[Crawled caption data]
==*==
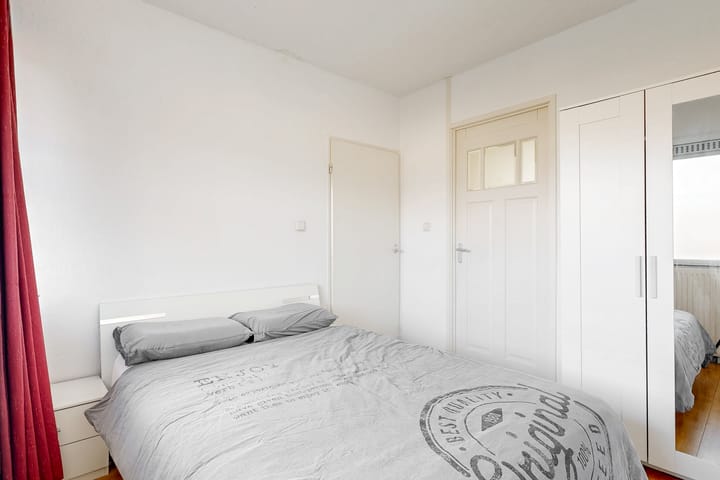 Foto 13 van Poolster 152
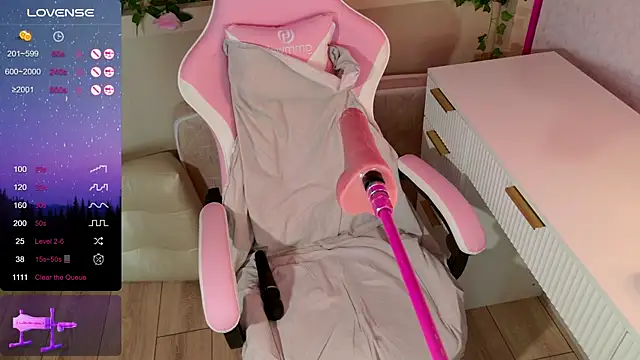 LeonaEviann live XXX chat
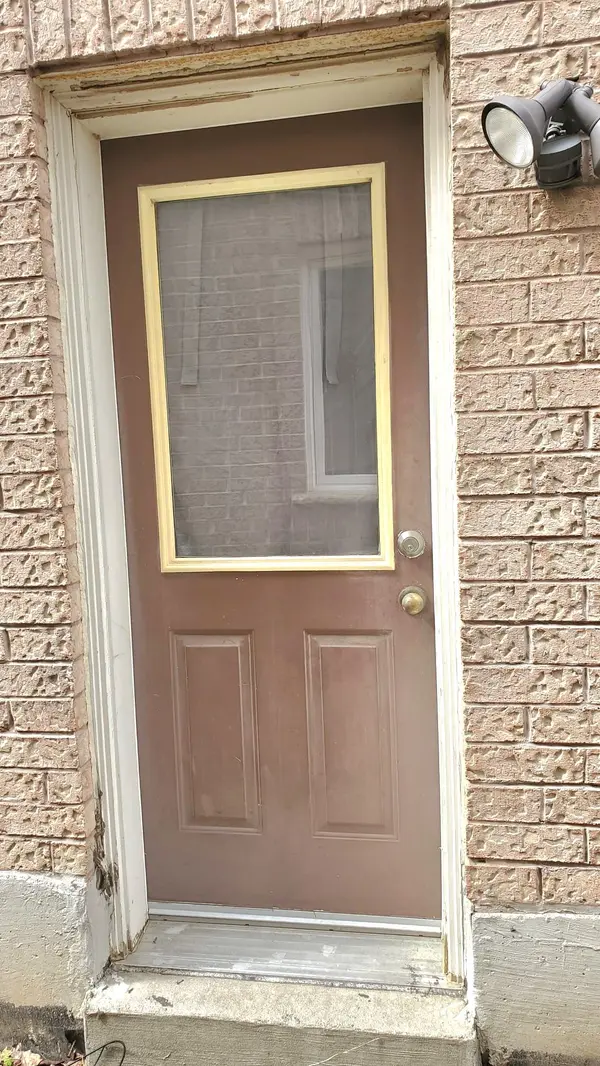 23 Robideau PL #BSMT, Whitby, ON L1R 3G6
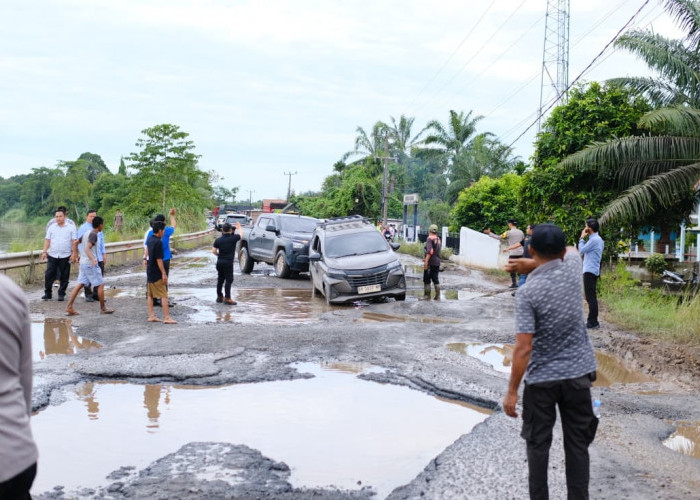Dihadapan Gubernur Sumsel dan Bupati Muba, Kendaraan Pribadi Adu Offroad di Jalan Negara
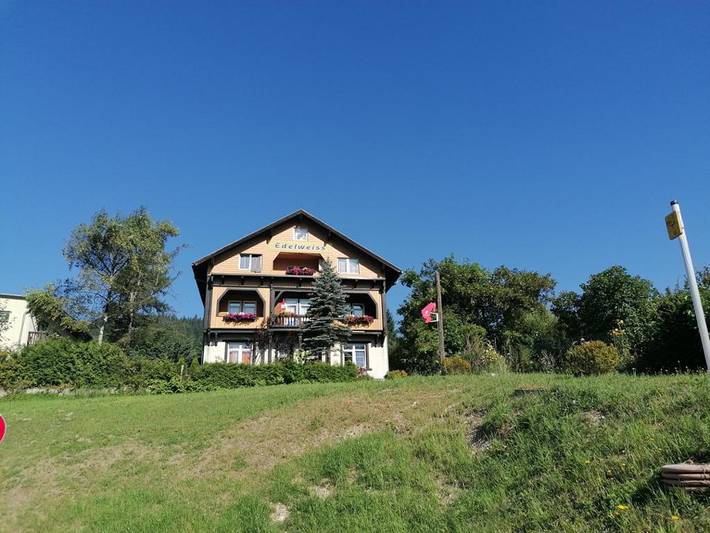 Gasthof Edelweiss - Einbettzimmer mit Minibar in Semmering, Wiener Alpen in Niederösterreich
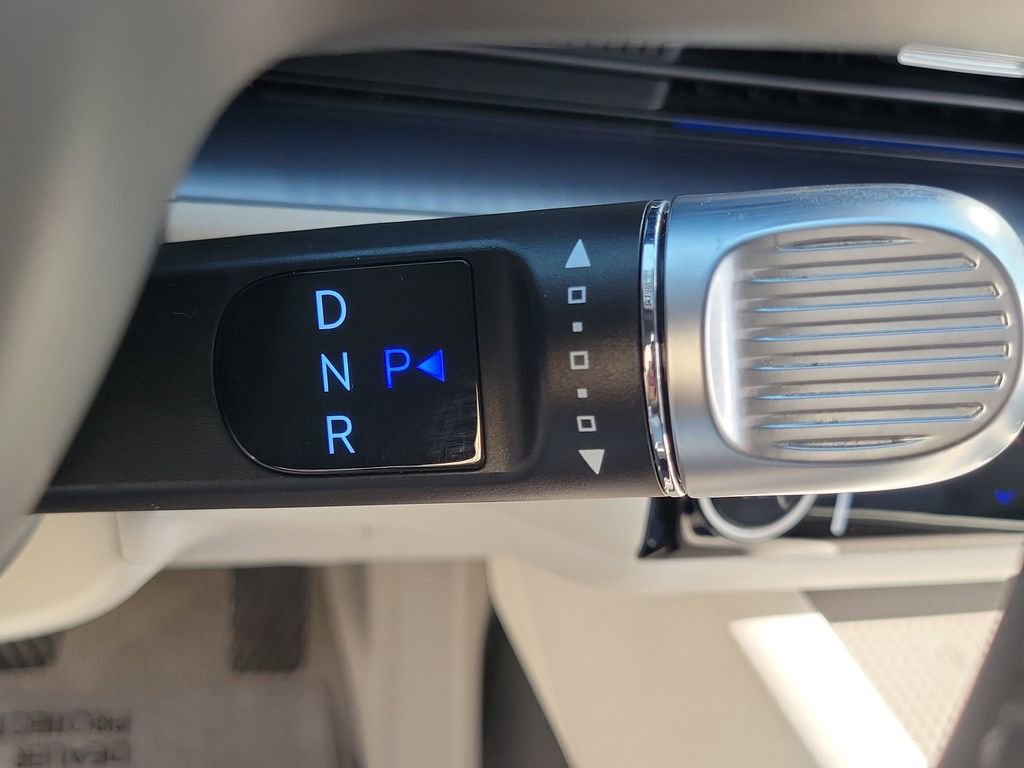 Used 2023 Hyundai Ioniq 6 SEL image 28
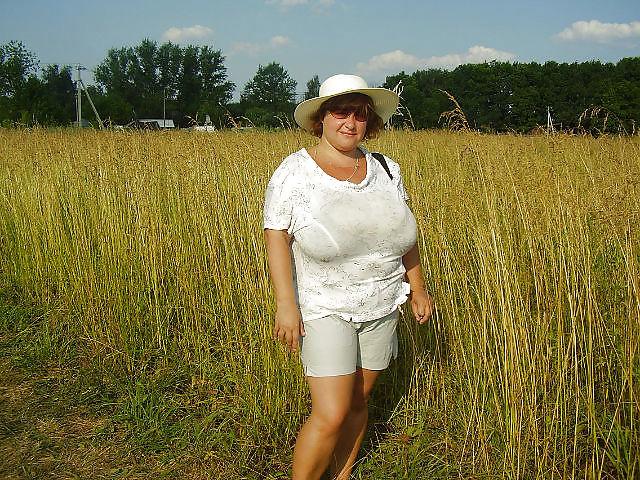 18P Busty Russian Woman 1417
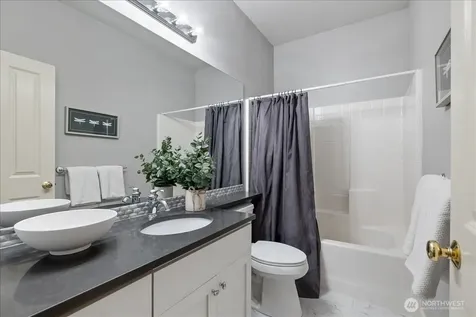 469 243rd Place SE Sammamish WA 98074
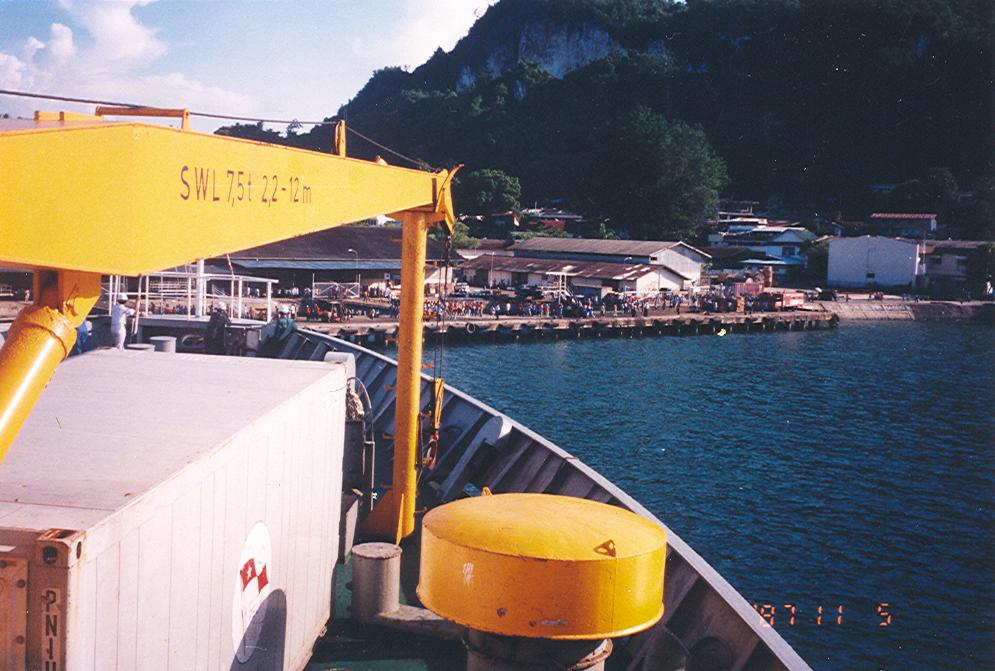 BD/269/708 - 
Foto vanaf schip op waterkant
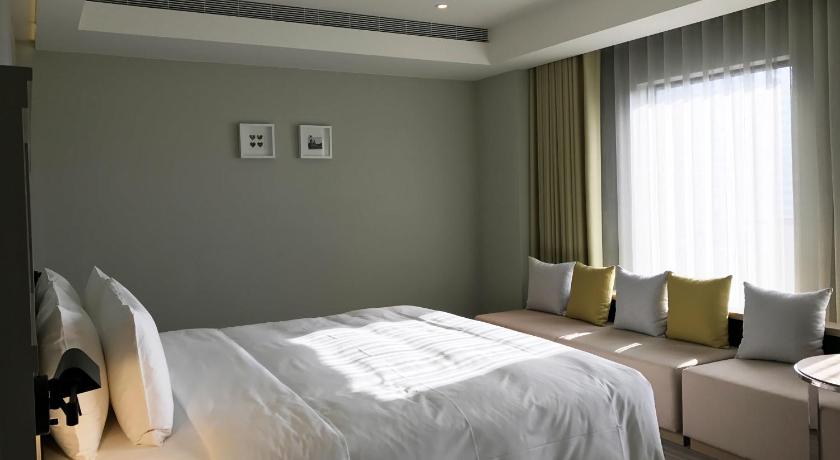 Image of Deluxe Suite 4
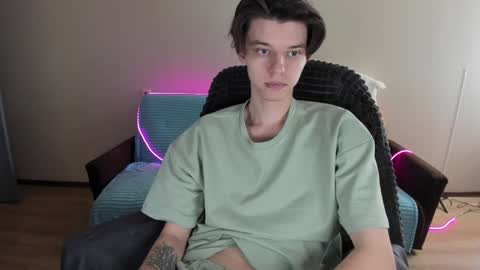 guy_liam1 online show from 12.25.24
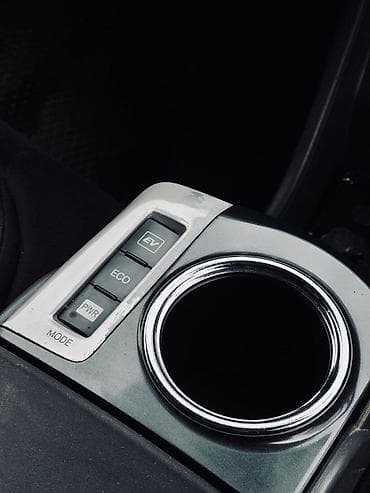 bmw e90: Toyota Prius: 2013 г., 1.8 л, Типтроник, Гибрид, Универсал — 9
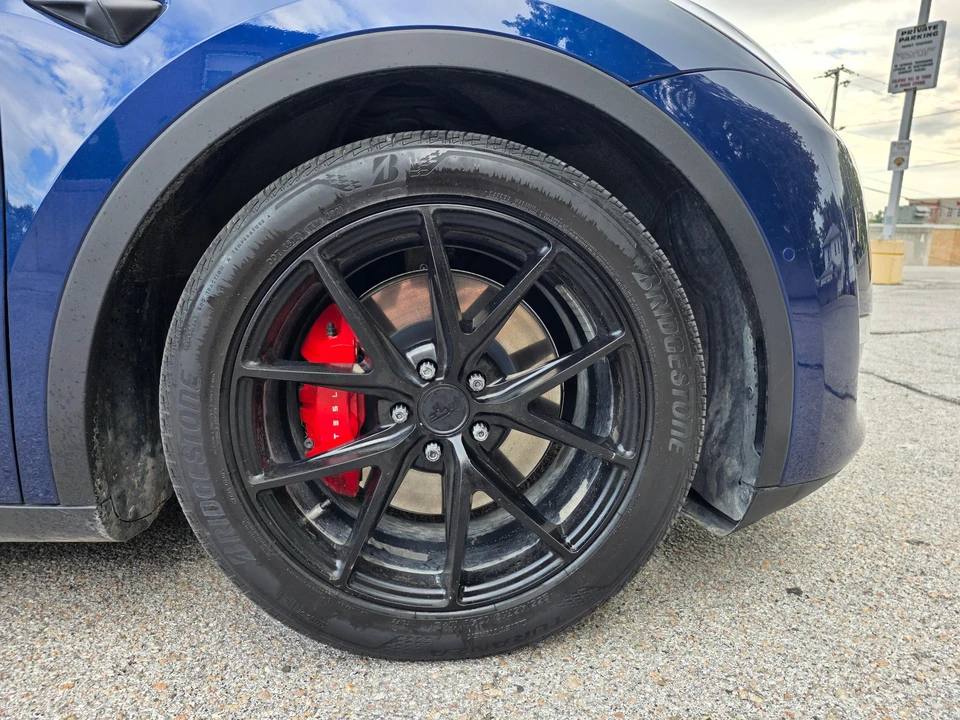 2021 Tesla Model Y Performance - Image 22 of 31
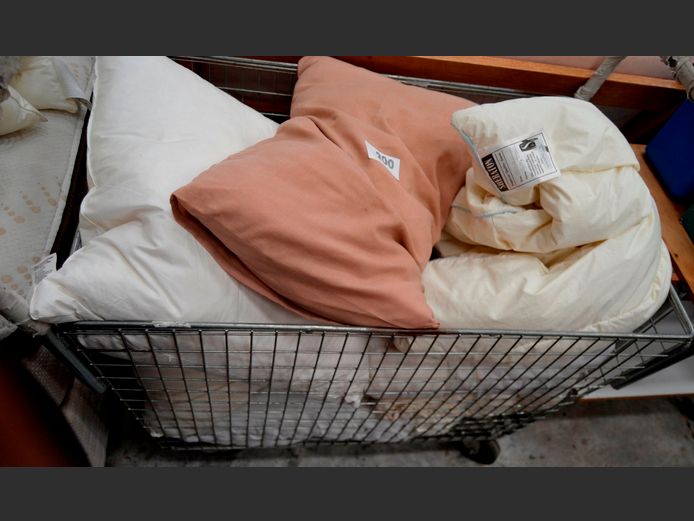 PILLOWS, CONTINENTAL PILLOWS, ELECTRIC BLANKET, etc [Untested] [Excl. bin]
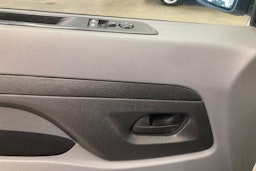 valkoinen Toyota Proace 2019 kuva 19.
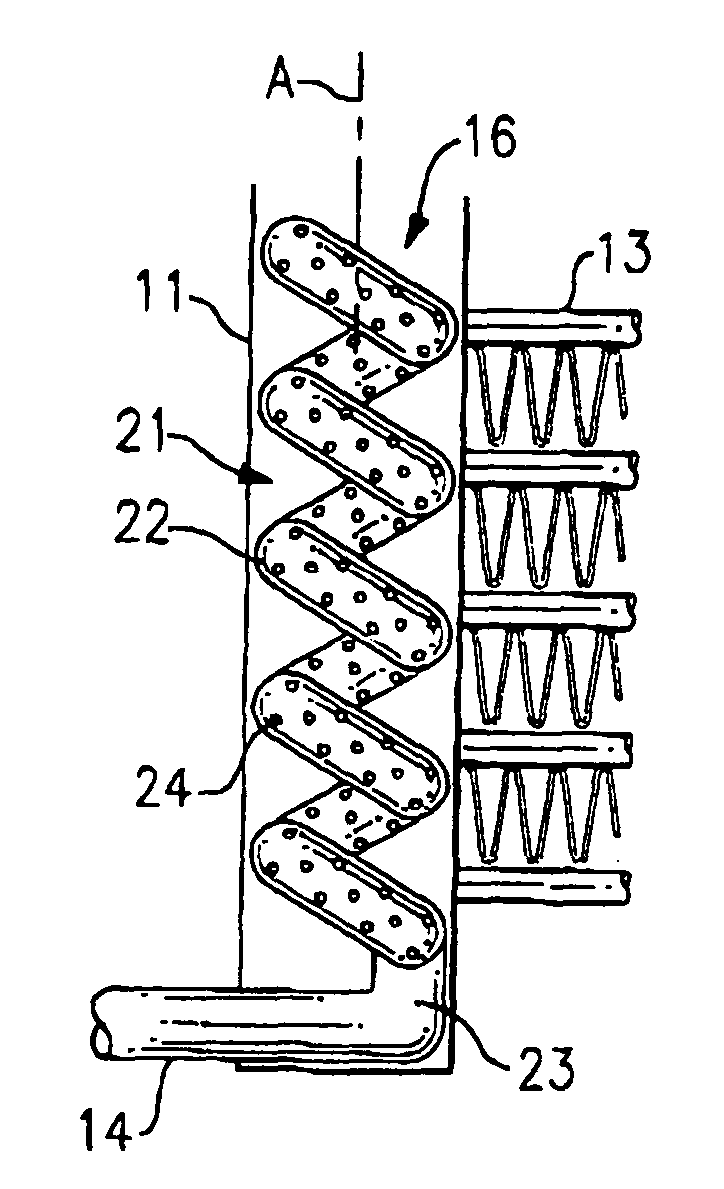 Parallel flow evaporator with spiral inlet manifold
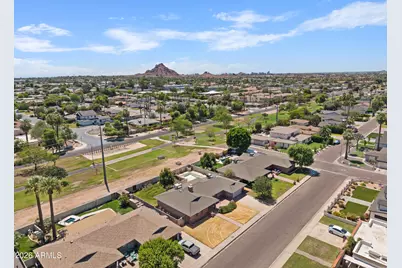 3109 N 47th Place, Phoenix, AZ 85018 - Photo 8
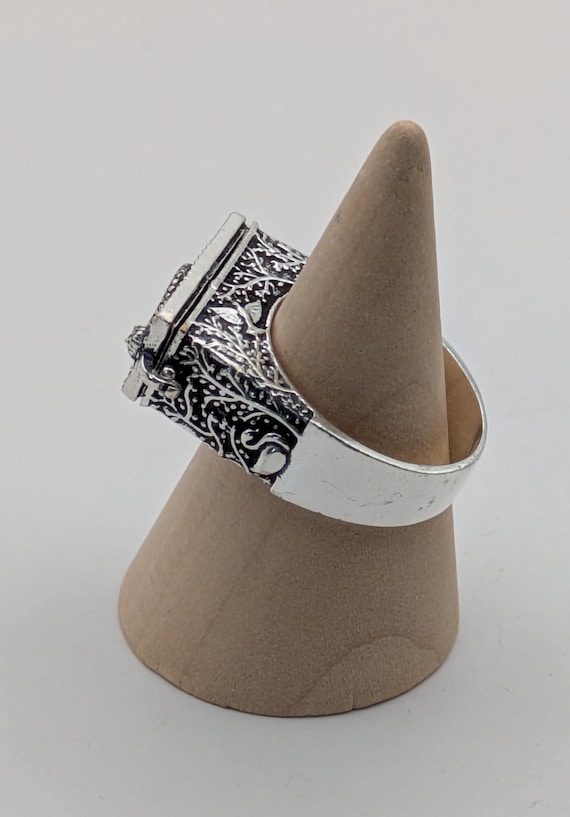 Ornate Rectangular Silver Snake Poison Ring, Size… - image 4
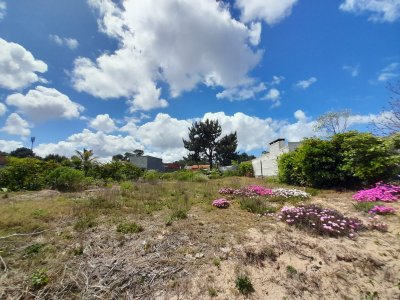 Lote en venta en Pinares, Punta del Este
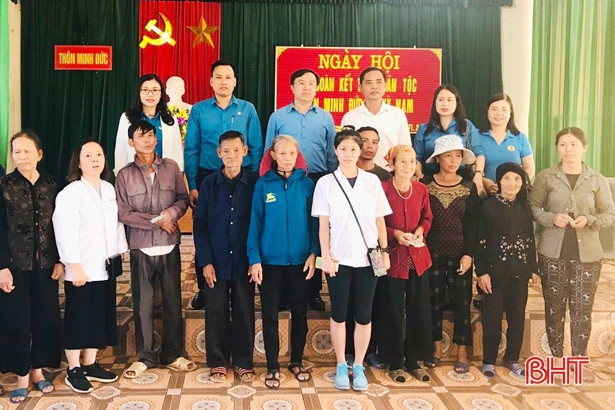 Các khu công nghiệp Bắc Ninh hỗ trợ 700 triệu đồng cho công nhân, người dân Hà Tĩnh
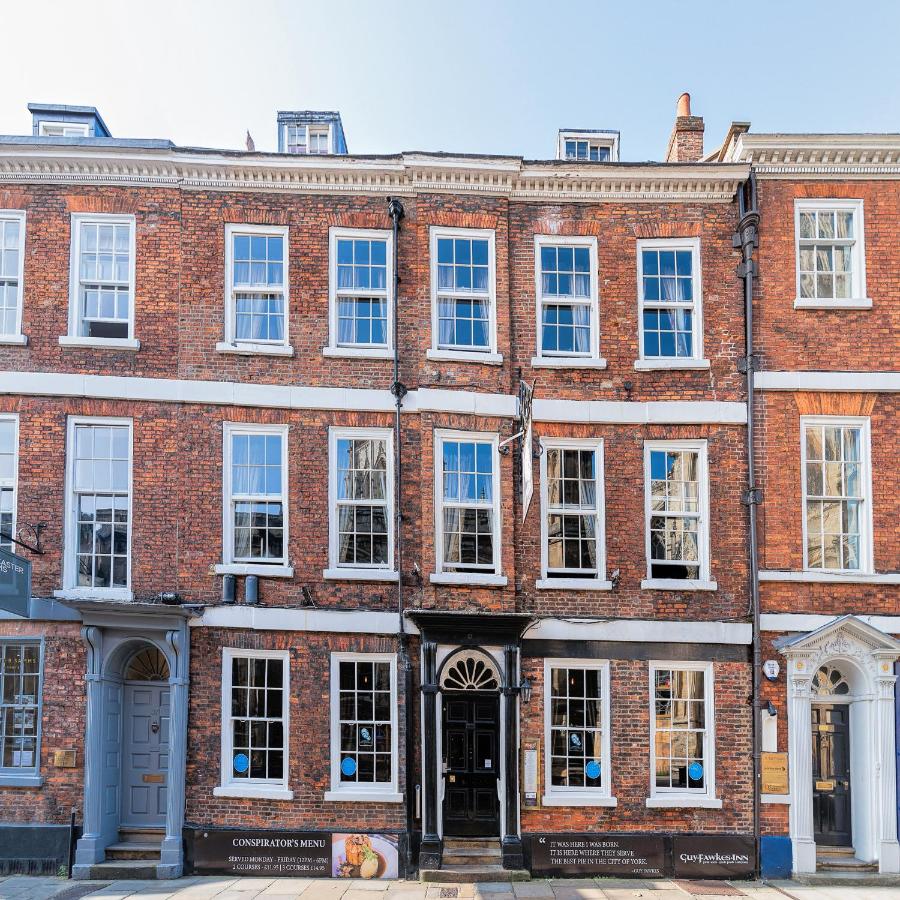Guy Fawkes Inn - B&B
==*==
**Your instructions:**
Retype exactly, please, the span from the line holding "Ornate Rectangular Silver" through the closing line of the data, both ends included, without the pictures.

**Exercise output:**
 Ornate Rectangular Silver Snake Poison Ring, Size… - image 4
 Lote en venta en Pinares, Punta del Este
 Các khu công nghiệp Bắc Ninh hỗ trợ 700 triệu đồng cho công nhân, người dân Hà Tĩnh
Guy Fawkes Inn - B&B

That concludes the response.